Closed crism closed 9 years ago
This requires:
Another LibreOffice conversion (from Docx -> PDF for input to CERMINE) CERMINE call Stitching XML outputs from meTypeset body+back and CERMINE front matter together
Looks like we should be using the standalone CERMINE jar via command-line? Or do we want to try to make a crossover call from PHP into Java? (Is that even possible?)
I don't think there's gonna be anything more sensible than exec()
Integrate DocX→PDF into DocxConversion
module? Or make a new one? (Would need one new converter and one new queue job. Do we want to keep one of each in each module, or is it OK to double up?)
Good question. I think I'd probably lean toward making it part of the DocxConversion module so that we aren't potentially duplicating any LibreOffice env scaffolding in two different places in our stack? But I can't immediately think of whether calling one module two different ways at different points in the conversion will pose problems for the way we've built this (it shouldn't).
Let’s do that, then. DocxConversion\Model\Converter\Pdf
and …\Queue\PdfJob
, with associated test classes?
Perfect.
Dur. The existing unoconv path will do this, if we set the output filter type to pdf
.
Yup. Sorry I didn't think to say that explicitly when I was talking about making it part of the same "env scaffolding" (needlessly indirect language on my part) earlier.
We do need a new job class in the queue. Which now makes me feel a little guilty about shoehorning this into DocxConversion
after all; this module was intended for making DocX, not for converting from it. We’re kind of hijacking it… I think we might be better off cloning it, now that I understand how it works better.
I'm equally leery of creating three different modules to support Cermine, but I think that might be more of a documentation issue than anything else.
It seems the approach so far has been to have very small modules, all tightly focused. CERMINE support will require word processing-to-PDF, but it seems like that would be a possibly generally-useful module, would it not? Or do we want to focus users on the existing PdfConversion
which converts to HTML, thence to PDF?
The existing PdfConversion is definitely further in scope from the existing DocxConversion, though, due to the difference between calling unoconv/libreoffice and calling wkhtmltopdf/any-future-xsl-fo-or-cassius-regions implementation. Maybe rename the existing PdfConversion module to finalPDFRender and make the new one librePDFConvert or something, and you can duplicate the existing DocxConversion almost 1:1 with a different parameter passed to uno?
That’s where I was heading… we need a better naming convention, I think, incorporating both input and output.
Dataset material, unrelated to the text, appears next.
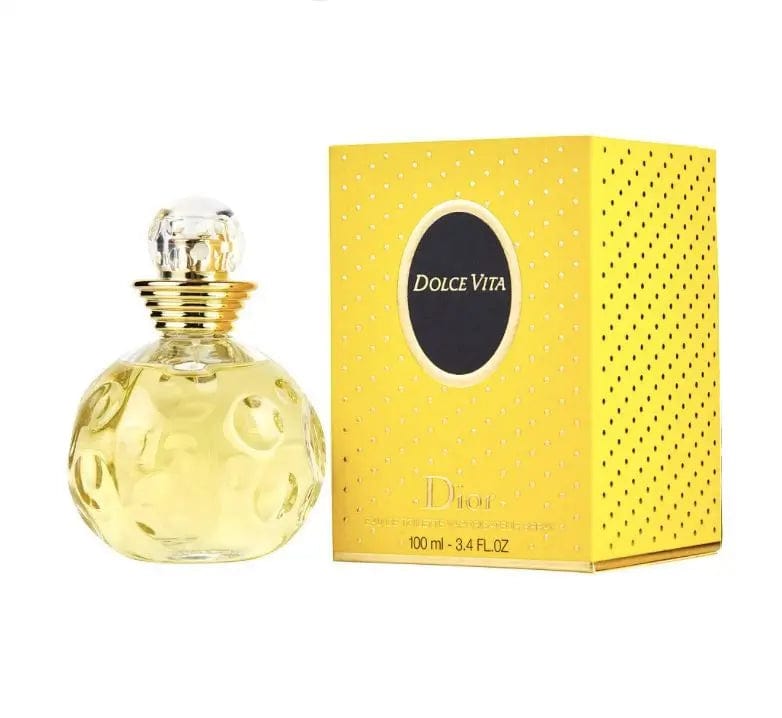 Dolce Vita By Dior For Women 3.4 oz Eau De Toilette Spray - By Baano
I don’t want to change everything (at least not in the middle of a sprint!), but we can just call the new one as you suggest: WpPdfConversion
, maybe?
Deeply sensible :)
I’ll do that, then.
@axfelix: Got a good test input PDF for CERMINE testing?
Current plan is to use CERMINE to extract the article content from PDF, then pass that along to the reintegration queue.
Below is the (abridged) result of running CERMINE on module/XmpConversion/test/assets/document.pdf
. Is this what we want?
<article>
<front>
<journal-meta />
<article-meta>
<abstract>
<p>Lorem ipsum dolor sit amet, consectetur adipiscing elit. Mauris ultri…</p>
</abstract>
</article-meta>
</front>
<body>
<sec id="1">
<title>-</title>
<p>Mauris ipsum diam, iaculis blandit turpis eget, volutpat adipiscing diam…</p>
</sec>
</body>
<back>
<ref-list />
</back>
</article>
Define "abridged" -- the front matter should be populated (and pretty well)?
and w/r/t running it on text strings rather than PDFs -- that shouldn't be nearly as good, as it's trained to use typesetting cues (layout, word distance, etc.) to parse out different metadata elements.
@axfelix: “Abridged”: I chopped out most of the paragraphs, indicated by ellipses. Otherwise, that code block is exactly what I got.
And yeah, I changed my mind on the strings. I have it installed via Composer, and ready to go, as soon as I figure out what we want to do with it…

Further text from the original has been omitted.